**Problem to solve**
In the entries that follow, find the line containing "Preview: Old Rusty"; from there, copy every line exactly through the line containing "Ranch-style home featuring".

**Available data**
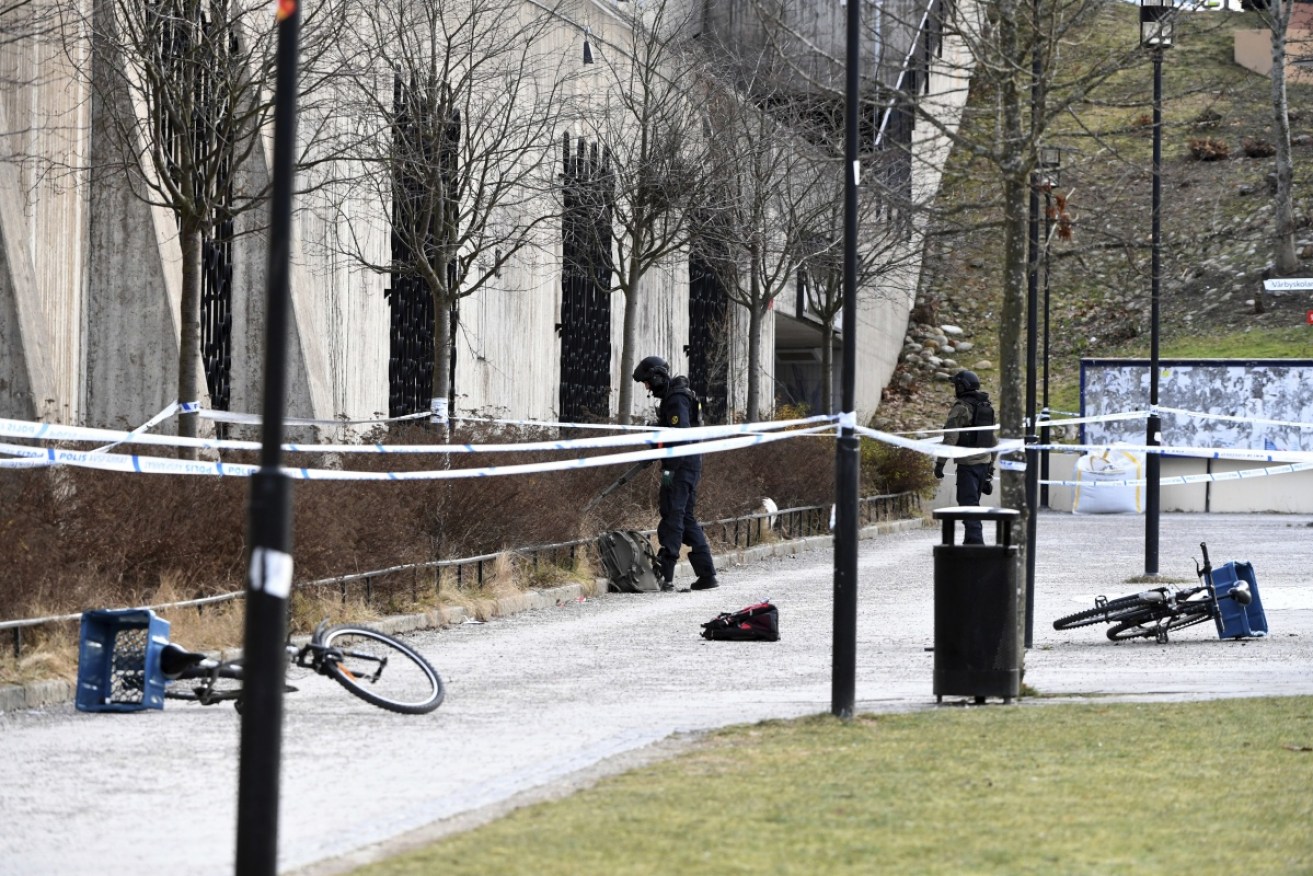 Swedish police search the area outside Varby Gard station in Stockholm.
* * *
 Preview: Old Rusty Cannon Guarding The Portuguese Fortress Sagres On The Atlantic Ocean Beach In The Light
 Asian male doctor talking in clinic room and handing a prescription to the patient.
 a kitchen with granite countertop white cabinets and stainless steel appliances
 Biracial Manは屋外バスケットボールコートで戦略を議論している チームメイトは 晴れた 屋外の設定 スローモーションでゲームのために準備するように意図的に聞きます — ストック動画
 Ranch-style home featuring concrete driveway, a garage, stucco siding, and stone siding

**Solution to the exercise**
 Preview: Old Rusty Cannon Guarding The Portuguese Fortress Sagres On The Atlantic Ocean Beach In The Light
 Asian male doctor talking in clinic room and handing a prescription to the patient.
 a kitchen with granite countertop white cabinets and stainless steel appliances
 Biracial Manは屋外バスケットボールコートで戦略を議論している チームメイトは 晴れた 屋外の設定 スローモーションでゲームのために準備するように意図的に聞きます — ストック動画
 Ranch-style home featuring concrete driveway, a garage, stucco siding, and stone siding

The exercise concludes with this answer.